Closed ShannaSeigel closed 3 years ago

ShannaSeigel commented 3 years ago

Hi again, more questions!

I forked this repository, changed nothing, and then connected it to a site on netlify. I then added a few markdown notes and linked to them from the index page and the "your first note" page.

On the index, every link I click except "your first note" gives me a 404 error. If I go to "your first note" and mouse over any links I added I'm immediately prompted to download the markdown file.

No idea what I've messed up! Any thoughts?

Site: https://mv-dg.netlify.app/ Repo: https://github.com/ShannaSeigel/digital-garden-jekyll-template

maximevaillancourt commented 3 years ago

Nice! Almost there.

Try moving your Markdown files to the '_notes/' directory (instead of 'pubzk/'). 🙂

The reason why your browser tries to download the Markdown files is because they're in a directory that Jekyll (the static site generator used in the template) considers as "static files", so it tells the browser to download the files (instead of simply viewing them).

maximevaillancourt commented 3 years ago

As for linking to notes from other notes, you may use the double-bracket syntax (for example, using [[videos on how to zk]] in a Markdown file would generate an HTML link to /videos-on-how-to-zk, which should work since you have a file named videos-on-how-to-zk.md in the _notes/ directory).

ShannaSeigel commented 3 years ago

I was testing both the "_notes" folder and another since the first notes I tested weren't showing up. I'll try just using the notes directory. To make sure I understand, do I have to use the double brackets for links? By default I've been using [link text](filename.md) for all my links in case I ever use a platform that doesn't support [[ links.

That's the part that's been confusing to me. In the index.md file I have [videos-on-how-to-zk](../_notes/videos-on-how-to-zk.md) but that link comes backs with 404-not found. I'm working in Obsidian and it generates a relative link when I link to a note.

Edit: I just noticed in the syntax section it has {: .internal-link} after markdown style links. I missed that before.

maximevaillancourt commented 3 years ago

I was testing both the "_notes" folder and another since the first notes I tested weren't showing up. I'll try just using the notes directory.
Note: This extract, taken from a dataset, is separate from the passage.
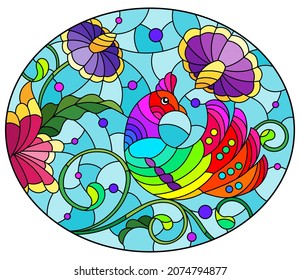 Stained glass illustration with a bright abstract bird on a background of leaves, flowers and blue sky, oval image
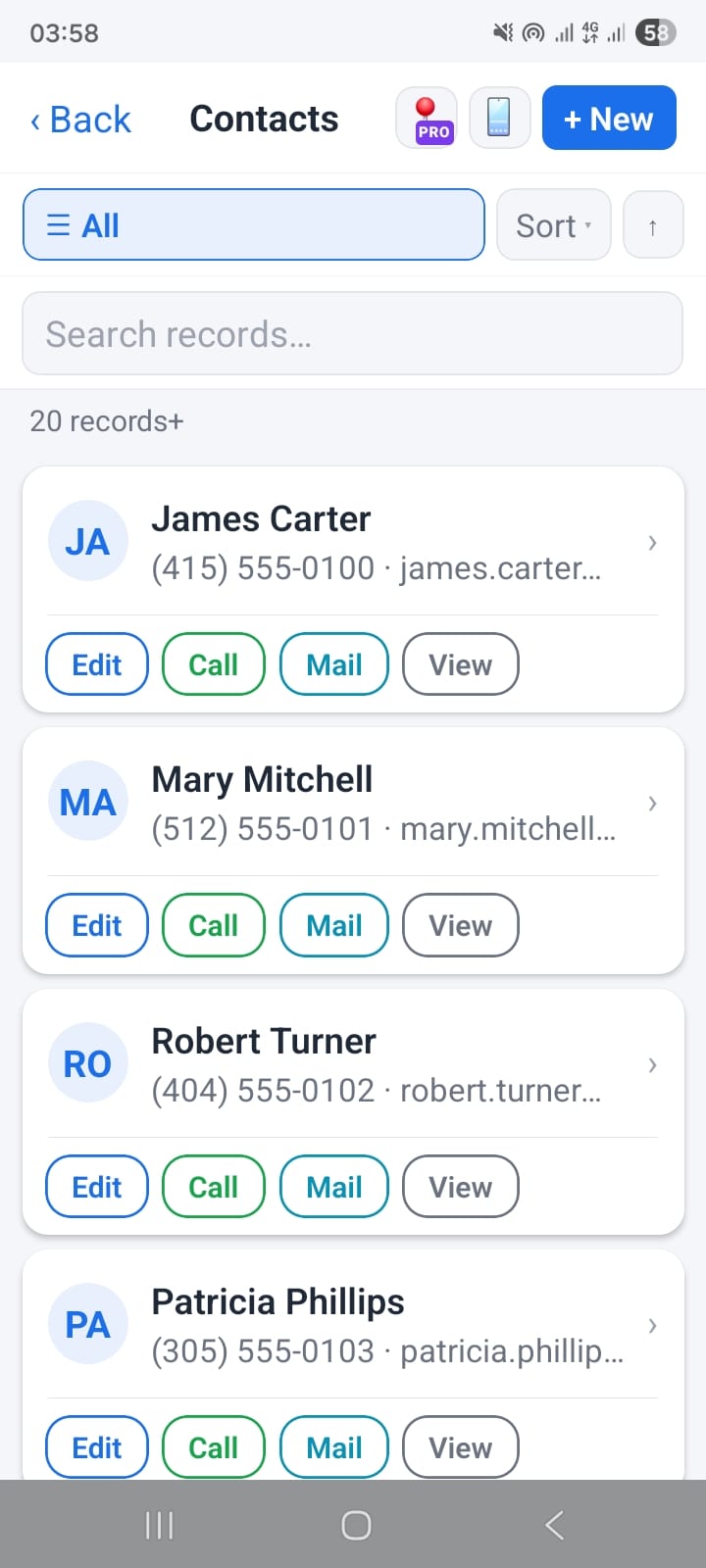OpenCRMApp Contacts list showing Edit, Call, Mail, and View action icons to the right of each contact row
There are a few things to understand before we discuss linking to notes.

All Markdown notes in the _notes/ directory must have a "front matter" section defined at the top of the files. As an example, look at the first 4 lines in this file:

---
title: Your first seed
image: /assets/image.jpg
---

This is what Jekyll considers as front matter.

Notes in the _notes/ directory that have valid front matter will be exposed on the final website at the /<note-filename> path. For example, if you have a note file in _notes/cats.md (which you do), you'll be able to access the note on the generated website at this relative address: /cats (so https://mv-dg.netlify.app/cats in your case).

Make sure all your Markdown notes have a front-matter section (with at least a title).


To make sure I understand, do I have to use the double brackets for links? By default I've been using link text for all my links in case I ever use a platform that doesn't support [[ links.

That's the part that's been confusing to me. In the index.md file I have videos-on-how-to-zk but that link comes backs with 404-not found. I'm working in Obsidian and it generates a relative link when I link to a note.

As for linking to other notes from a note, there are three ways to do so (in descending order of how easy they are to use).

Let's assume we have a file at _notes/cats.md with the following content:

---
title: "A note about cats"
---

This is a note about cats!

A) Double-bracket link syntax (Roam/wiki-style)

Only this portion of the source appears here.